AIM OF THE TASK: Set down the data below without change, skipping the pictures it holds.

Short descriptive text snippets
* * * * *

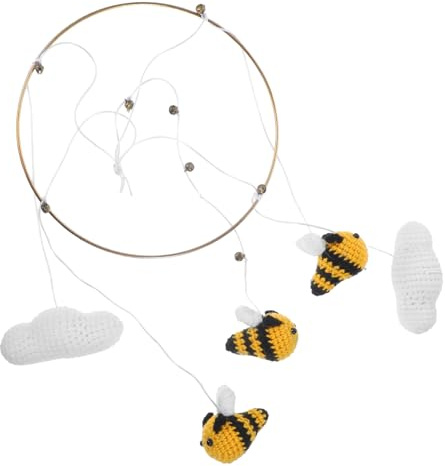 Mobestech Nordischer Bienenwolken Anhänger aus Metall Wiederverwendbar und Leicht zu Dekorieren Kreative Hängende Dekoration für Indoor Szenen im Gelbton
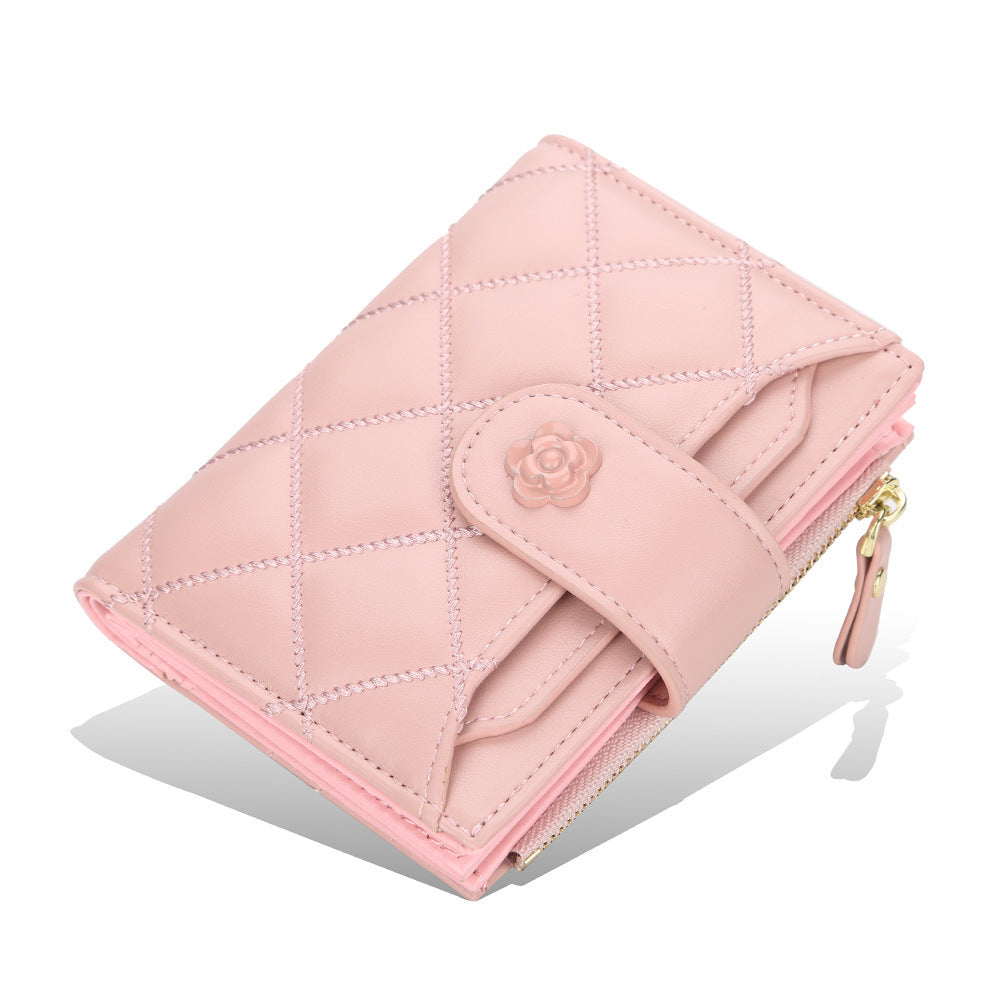 Women’s Short Multiple Card Slots Zipper Wallet - Fashionably Short Wallet for Card Complications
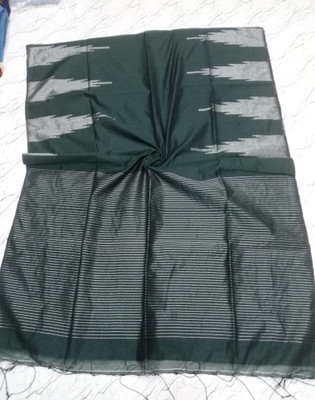 Kumaresh Creation Woven, Color Block, Temple Border Handloom Cotton Silk Saree(Dark Green)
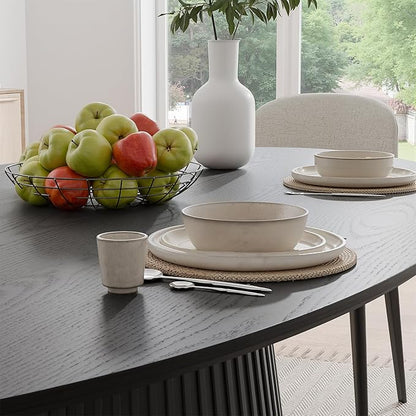 Casaphoria 67" Oval Dining Table, Modern Wood Kitchen Table with Cone Shaped Stripe Base for Living Room & Dining Room, Easy Assembly Farmhouse Furniture for 4-6, Black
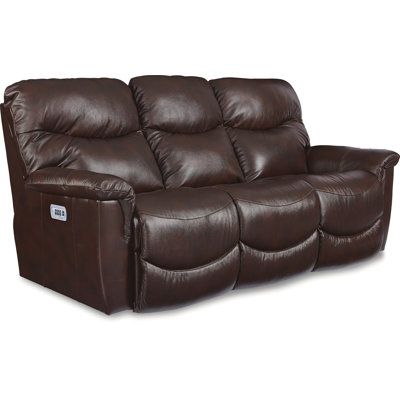 James Power Leather Match Reclining Sofa with Power Headrest and Lumbar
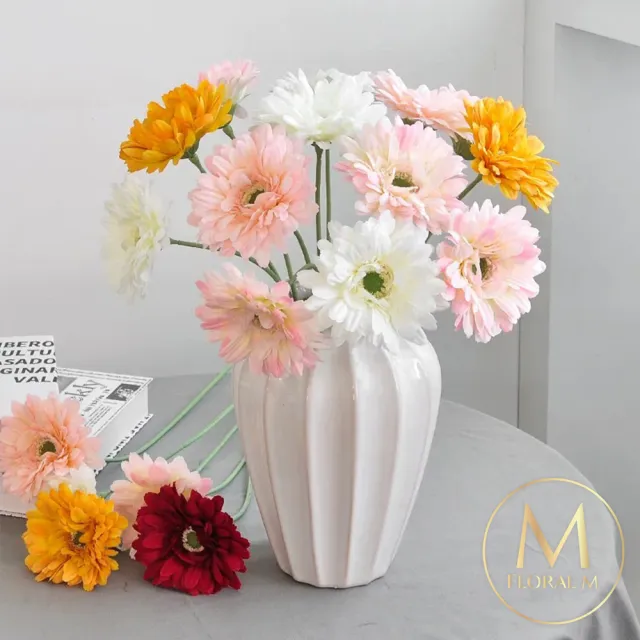 【Floral M】夏日繽紛小太陽非洲菊甜蜜粉仿真花花材（3入組）(人造花/塑膠花/假花/裝飾花)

* * * * *

ANSWER FOR THIS EXERCISE:
 Mobestech Nordischer Bienenwolken Anhänger aus Metall Wiederverwendbar und Leicht zu Dekorieren Kreative Hängende Dekoration für Indoor Szenen im Gelbton
 Women’s Short Multiple Card Slots Zipper Wallet - Fashionably Short Wallet for Card Complications
 Kumaresh Creation Woven, Color Block, Temple Border Handloom Cotton Silk Saree(Dark Green)
 Casaphoria 67" Oval Dining Table, Modern Wood Kitchen Table with Cone Shaped Stripe Base for Living Room & Dining Room, Easy Assembly Farmhouse Furniture for 4-6, Black
 James Power Leather Match Reclining Sofa with Power Headrest and Lumbar
 【Floral M】夏日繽紛小太陽非洲菊甜蜜粉仿真花花材（3入組）(人造花/塑膠花/假花/裝飾花)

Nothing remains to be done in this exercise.